I'm pretty much a complete noob with anything crypto. I have no interest in GPU mining whatsoever for so many reasons I won't get into here. However, I am curious. Is there anything out there that is CPU only and profitable after electricity costs? Also, what about Helium and helium miners? Are the miner machines likely to be worth the investment? I have done some research, but much of this stuff still makes me dizzy.


----------



## Vya Domus (May 24, 2021)

XMR is the only coin that I know of which can technically be profitable by CPU mining. Actually, it can really be only mined by CPU. But unless you have a really high core count CPU with very high AES performance it's probably not worth it.


----------



## PaulieG (May 24, 2021)

Vya Domus said:


> XMR is the only coin that I know of which can technically be profitable by CPU mining. Actually, it can really be only mined by CPU. But unless you have a really high core count CPU with very high AES performance it's probably not worth it.


Currently have 3 i9 10850k's and a 5950x with another 5950x coming in 2 weeks. Would that suffice?


----------



## xkm1948 (May 24, 2021)

bitcointalk.org would be a good place to start your research. Go to the altcoin mining sub directory. Glancing over the first page shows someone also asked similar question. Look up "LuxCoin or Verus"


----------



## lexluthermiester (May 24, 2021)

PaulieG said:


> Is there anything out there that is CPU only and profitable after electricity costs?





Vya Domus said:


> XMR is the only coin that I know of which can technically be profitable by CPU mining. Actually, it can really be only mined by CPU. But unless you have a really high core count CPU with very high AES performance it's probably not worth it.


This. I'm fairly certain this is what GerKNG was giving his answer to.


xkm1948 said:


> bitcointalk.org would be a good place to start your research. Go to the altcoin mining sub directory. Glancing over the first page shows someone also asked similar question. Look up "LuxCoin or Verus"


This also.


----------



## GerKNG (May 24, 2021)

PaulieG said:


> I asked multiple questions here. This is pretty much a worthless answer.


i literally just answered all of them.

Edit:
Thanks for deleting my comment and flagging this here for no reason at all.


----------



## dark2099 (May 24, 2021)

@PaulieG To answer your question about CPU mining, not worth it. Each of those chips likely will pull ~130w, maybe more, but that's what my 5900x reads out in HWINFO when I've tried CPU mining, and will earn you probably maybe a quarter of GPU pulling the same power.


----------



## PaulieG (May 24, 2021)

So, what about Helium mining? Anyone familiar with helium and helium miner rigs?


----------



## R-T-B (May 24, 2021)

I'm afraid I've never heard of helium.  I'll read about it later today and give you my "years late hot take"


----------



## Toothless (May 24, 2021)

What if it was server chips to mine on cpu? I would think a 2680v2 could be profitable at 100w full load.


----------



## dark2099 (May 24, 2021)

Toothless said:


> What if it was server chips to mine on cpu? I would think a 2680v2 could be profitable at 100w full load.

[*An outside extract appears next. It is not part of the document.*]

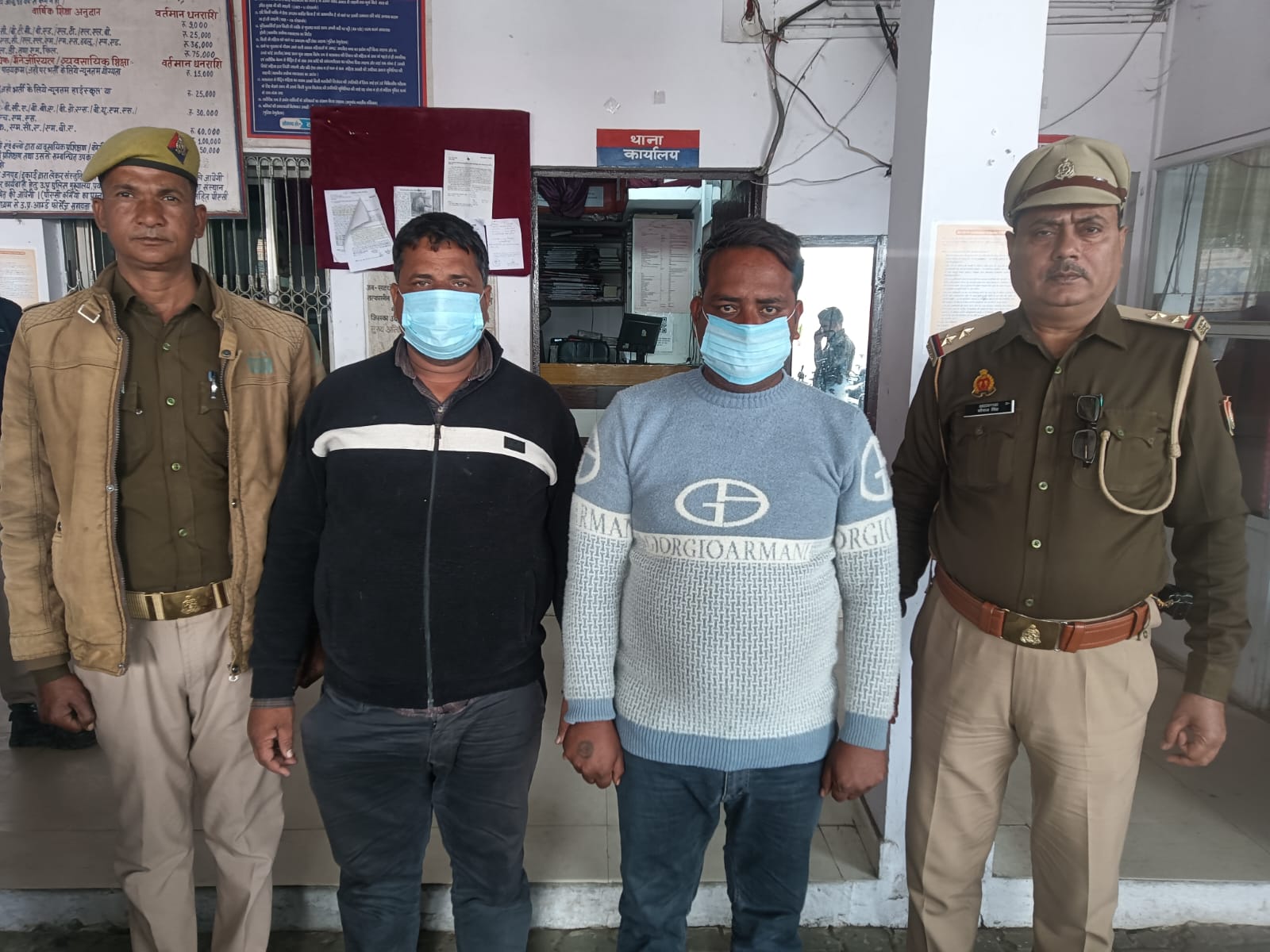 जानलेवा हमले के फरार दो आरोपी पुलिस ने पकड़े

Possibly better, but would need a crazy high core count for Intel. From what I've seen trying CPU mining on both AMD and Intel, AMD will use all the logical threads, Intel only physical cores, and when you set to run all logical threads on Intel, would reduce profits.


----------



## lexluthermiester (May 24, 2021)

PaulieG said:


> So, what about Helium mining? Anyone familiar with helium and helium miner rigs?


Are we talking about actual Helium, as in the element He? Or is this a new cryptocoin?


----------



## dark2099 (May 24, 2021)

lexluthermiester said:


> Are we talking about actual Helium, as in the element He? Or is this a new cryptocoin?

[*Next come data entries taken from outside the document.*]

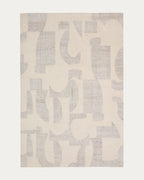 Japandi Teppich Norela – Wolle, Grau, 300 × 200 cm – Produktansicht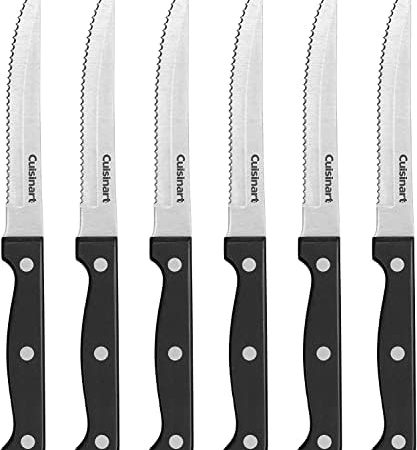 Cusinart Knife Set, 6pc Steak Knife Set with Steel Blades for Precise Cutting, Lightweight,...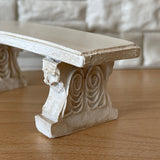 Dollhouse Fairy Garden Bench , 1:12 Miniature Garden Seat , Fairy Seat , Garden Chair (cast resin) - B087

https://www.helium.com/mine


----------



## lexluthermiester (May 24, 2021)

dark2099 said:


> https://www.helium.com/mine


That's just crazy enough to be interesting...


----------



## Toothless (May 24, 2021)

dark2099 said:


> Possibly better, but would need a crazy high core count for Intel. From what I've seen trying CPU mining on both AMD and Intel, AMD will use all the logical threads, Intel only physical cores, and when you set to run all logical threads on Intel, would reduce profits.


Well. That would be 20 cores to sit on. Probably not worth it in the end.


----------



## PaulieG (May 24, 2021)

lexluthermiester said:


> That's just crazy enough to be interesting...


A local guy who recently bought a 3900XT told me about it. Thing is, the miner rigs are totally sold out with waiting lists of 3 months or more from the 3 companies that make the helium miners. The things that attract me to it is it's "green" mining and you can make more money up to a point if you partner with others as "witnesses" to grow the network.


----------



## R-T-B (May 24, 2021)

lexluthermiester said:


> That's just crazy enough to be interesting...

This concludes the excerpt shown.